• Problem statement
Filter the records down to the lines that hold the word "chatting", and copy each of those lines.

Items from a data source:

==================================================

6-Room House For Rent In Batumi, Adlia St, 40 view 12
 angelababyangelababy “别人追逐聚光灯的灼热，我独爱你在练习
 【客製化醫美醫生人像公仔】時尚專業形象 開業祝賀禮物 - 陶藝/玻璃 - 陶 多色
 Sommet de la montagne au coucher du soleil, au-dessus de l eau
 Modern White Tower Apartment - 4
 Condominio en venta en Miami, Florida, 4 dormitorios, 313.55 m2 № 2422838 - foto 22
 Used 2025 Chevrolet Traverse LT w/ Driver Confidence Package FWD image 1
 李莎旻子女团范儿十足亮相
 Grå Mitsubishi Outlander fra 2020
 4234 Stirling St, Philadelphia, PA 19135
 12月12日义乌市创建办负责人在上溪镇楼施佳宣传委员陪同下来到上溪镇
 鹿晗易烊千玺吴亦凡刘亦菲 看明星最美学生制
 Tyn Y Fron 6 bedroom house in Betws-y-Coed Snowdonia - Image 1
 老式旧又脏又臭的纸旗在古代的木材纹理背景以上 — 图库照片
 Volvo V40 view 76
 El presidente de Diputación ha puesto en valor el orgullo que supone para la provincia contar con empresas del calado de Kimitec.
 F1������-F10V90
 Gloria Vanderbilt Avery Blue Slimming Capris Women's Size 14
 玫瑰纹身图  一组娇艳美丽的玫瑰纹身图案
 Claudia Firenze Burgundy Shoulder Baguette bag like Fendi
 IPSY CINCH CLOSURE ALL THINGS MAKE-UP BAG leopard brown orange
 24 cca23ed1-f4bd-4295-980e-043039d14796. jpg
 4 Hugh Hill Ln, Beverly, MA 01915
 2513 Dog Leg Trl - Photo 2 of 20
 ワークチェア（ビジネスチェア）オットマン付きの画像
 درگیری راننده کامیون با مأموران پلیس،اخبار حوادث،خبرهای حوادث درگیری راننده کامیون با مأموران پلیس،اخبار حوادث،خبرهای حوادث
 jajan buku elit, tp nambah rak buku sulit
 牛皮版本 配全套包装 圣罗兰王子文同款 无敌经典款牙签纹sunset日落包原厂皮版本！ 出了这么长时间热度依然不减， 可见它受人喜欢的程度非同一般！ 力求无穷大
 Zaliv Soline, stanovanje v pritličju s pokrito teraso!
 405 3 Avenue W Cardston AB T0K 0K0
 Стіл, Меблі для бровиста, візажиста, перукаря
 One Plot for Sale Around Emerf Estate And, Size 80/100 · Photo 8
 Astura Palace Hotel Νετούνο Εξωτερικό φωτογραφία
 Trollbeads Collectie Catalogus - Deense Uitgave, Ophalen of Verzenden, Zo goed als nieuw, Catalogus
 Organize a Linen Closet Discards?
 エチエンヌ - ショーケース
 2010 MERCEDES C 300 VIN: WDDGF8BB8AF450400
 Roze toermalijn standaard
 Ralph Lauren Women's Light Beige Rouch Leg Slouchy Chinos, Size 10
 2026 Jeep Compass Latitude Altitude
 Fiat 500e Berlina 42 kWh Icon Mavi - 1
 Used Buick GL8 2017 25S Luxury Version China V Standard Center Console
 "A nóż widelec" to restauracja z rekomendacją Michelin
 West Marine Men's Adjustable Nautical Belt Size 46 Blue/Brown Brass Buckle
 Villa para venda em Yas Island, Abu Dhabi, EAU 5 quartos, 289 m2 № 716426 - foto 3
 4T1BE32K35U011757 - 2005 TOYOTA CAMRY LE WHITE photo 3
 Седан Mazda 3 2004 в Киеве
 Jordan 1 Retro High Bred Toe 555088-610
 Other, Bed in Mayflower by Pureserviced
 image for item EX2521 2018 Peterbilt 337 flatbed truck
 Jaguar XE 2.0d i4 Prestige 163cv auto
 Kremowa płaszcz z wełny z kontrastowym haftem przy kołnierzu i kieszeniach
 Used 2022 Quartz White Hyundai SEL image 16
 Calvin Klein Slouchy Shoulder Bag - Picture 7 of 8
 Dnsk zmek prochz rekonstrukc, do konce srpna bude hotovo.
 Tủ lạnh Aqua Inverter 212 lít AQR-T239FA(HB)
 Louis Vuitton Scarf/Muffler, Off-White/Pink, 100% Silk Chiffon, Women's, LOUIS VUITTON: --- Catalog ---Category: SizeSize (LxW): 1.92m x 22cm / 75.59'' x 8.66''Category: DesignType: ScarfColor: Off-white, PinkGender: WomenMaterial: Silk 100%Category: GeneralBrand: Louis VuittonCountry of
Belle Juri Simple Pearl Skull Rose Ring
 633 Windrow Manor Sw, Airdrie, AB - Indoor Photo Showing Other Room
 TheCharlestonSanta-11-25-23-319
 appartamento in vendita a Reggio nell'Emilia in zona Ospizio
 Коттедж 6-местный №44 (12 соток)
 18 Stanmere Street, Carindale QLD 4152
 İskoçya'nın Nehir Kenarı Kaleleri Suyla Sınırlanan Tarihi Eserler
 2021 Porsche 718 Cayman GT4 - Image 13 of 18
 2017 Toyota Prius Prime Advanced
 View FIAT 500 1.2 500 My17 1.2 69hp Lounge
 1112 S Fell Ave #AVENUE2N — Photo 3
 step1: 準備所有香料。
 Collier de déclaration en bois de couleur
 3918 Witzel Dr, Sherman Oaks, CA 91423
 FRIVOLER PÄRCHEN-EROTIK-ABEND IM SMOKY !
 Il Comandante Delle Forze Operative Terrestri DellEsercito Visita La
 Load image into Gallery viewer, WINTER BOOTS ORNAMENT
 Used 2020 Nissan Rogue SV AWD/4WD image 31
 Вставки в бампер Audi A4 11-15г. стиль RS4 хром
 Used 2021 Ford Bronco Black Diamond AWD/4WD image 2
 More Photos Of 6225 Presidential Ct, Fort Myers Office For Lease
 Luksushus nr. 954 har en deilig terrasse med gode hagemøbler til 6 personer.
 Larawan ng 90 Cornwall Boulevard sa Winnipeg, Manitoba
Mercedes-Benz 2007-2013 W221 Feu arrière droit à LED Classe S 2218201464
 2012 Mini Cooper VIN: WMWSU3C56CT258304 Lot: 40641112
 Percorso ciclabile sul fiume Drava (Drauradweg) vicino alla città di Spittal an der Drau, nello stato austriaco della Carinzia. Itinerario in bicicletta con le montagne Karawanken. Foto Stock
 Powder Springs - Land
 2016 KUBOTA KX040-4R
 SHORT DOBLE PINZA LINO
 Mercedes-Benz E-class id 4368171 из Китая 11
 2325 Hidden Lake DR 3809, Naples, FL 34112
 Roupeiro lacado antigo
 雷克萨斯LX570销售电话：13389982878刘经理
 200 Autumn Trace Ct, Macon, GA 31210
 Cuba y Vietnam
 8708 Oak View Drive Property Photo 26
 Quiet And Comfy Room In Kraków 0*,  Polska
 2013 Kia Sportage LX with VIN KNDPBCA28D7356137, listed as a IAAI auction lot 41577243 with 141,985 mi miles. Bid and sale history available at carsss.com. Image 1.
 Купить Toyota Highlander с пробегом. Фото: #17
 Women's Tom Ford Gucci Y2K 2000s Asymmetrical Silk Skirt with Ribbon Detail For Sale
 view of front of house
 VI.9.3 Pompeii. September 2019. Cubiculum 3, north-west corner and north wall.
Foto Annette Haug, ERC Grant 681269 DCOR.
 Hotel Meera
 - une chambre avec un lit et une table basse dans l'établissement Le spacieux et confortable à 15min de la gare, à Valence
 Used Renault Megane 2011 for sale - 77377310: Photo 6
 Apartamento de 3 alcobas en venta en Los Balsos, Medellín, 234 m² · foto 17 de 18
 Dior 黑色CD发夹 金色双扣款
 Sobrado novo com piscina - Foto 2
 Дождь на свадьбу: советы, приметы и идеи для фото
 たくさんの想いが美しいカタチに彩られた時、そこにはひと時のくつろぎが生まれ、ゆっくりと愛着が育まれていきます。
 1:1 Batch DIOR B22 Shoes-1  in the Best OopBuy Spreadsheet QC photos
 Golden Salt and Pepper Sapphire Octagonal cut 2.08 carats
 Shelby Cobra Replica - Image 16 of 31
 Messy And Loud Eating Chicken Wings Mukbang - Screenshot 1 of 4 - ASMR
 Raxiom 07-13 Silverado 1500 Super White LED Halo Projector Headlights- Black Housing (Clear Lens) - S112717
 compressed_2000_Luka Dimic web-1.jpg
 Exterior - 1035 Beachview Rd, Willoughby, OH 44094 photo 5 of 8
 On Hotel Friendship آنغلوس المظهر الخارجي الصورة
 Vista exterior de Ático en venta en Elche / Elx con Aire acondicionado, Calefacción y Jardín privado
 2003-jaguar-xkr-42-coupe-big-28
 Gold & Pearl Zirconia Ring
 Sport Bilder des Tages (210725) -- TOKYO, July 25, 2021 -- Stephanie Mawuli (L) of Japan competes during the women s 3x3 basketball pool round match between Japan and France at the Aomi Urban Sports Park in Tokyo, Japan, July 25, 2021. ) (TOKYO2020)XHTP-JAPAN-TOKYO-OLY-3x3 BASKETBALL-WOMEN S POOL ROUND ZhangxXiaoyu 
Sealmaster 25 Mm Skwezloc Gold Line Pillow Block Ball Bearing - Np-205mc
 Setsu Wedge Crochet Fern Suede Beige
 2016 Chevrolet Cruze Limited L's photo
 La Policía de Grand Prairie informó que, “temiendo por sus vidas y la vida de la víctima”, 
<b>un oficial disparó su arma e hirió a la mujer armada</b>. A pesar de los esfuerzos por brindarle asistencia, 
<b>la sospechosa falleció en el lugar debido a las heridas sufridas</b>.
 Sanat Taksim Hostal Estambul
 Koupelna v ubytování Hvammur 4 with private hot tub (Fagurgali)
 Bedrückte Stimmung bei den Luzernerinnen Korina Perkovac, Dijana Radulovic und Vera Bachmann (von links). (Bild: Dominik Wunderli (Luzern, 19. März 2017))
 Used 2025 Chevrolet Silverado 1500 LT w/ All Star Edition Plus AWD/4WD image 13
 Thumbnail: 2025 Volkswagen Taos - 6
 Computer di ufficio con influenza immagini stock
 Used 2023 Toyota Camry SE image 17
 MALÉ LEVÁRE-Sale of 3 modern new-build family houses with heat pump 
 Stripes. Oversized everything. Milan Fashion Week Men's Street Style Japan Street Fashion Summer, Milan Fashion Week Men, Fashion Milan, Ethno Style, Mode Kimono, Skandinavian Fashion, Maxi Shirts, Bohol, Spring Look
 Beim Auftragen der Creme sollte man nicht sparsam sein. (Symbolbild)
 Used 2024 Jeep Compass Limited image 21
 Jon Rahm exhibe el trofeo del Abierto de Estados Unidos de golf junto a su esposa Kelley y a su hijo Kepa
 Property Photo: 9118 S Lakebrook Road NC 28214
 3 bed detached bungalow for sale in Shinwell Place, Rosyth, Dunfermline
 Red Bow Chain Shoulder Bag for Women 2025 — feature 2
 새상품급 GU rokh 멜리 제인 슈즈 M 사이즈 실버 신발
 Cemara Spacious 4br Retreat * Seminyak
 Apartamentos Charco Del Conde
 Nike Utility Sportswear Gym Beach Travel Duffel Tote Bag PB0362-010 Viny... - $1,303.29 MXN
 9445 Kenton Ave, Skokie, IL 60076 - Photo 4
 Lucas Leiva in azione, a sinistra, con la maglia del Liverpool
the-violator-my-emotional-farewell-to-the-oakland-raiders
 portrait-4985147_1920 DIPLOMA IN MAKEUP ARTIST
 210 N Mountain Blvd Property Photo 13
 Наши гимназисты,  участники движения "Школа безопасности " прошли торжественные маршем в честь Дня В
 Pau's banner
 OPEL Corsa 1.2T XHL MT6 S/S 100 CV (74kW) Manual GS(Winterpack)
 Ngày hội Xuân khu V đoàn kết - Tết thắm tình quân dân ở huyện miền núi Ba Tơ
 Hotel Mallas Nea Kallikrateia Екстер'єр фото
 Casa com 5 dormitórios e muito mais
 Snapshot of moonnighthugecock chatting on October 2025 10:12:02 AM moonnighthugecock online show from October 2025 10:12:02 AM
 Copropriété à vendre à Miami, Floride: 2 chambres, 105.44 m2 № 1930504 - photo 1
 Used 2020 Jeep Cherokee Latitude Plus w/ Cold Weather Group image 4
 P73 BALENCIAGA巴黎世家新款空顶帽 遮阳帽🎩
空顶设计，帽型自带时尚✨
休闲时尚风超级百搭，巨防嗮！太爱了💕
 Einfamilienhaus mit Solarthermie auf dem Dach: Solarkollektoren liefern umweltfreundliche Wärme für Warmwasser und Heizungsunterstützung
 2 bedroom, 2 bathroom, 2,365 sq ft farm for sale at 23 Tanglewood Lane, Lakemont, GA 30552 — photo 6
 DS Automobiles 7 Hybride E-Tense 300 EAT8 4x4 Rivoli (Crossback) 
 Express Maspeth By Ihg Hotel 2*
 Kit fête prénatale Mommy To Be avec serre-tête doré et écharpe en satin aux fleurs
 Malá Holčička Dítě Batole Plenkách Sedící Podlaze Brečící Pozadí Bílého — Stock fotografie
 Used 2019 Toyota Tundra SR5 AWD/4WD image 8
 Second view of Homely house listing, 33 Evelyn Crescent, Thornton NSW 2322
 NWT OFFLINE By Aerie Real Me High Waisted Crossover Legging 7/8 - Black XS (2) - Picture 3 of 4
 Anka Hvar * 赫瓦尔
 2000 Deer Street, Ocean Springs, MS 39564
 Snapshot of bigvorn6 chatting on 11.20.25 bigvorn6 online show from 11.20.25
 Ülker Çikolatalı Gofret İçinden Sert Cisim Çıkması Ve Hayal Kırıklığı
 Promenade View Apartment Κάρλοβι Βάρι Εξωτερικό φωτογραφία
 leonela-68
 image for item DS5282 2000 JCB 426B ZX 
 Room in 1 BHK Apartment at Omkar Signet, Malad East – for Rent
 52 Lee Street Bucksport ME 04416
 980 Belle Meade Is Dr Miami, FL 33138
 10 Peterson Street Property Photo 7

==================================================

• Exercise answer
 Snapshot of moonnighthugecock chatting on October 2025 10:12:02 AM moonnighthugecock online show from October 2025 10:12:02 AM
 Snapshot of bigvorn6 chatting on 11.20.25 bigvorn6 online show from 11.20.25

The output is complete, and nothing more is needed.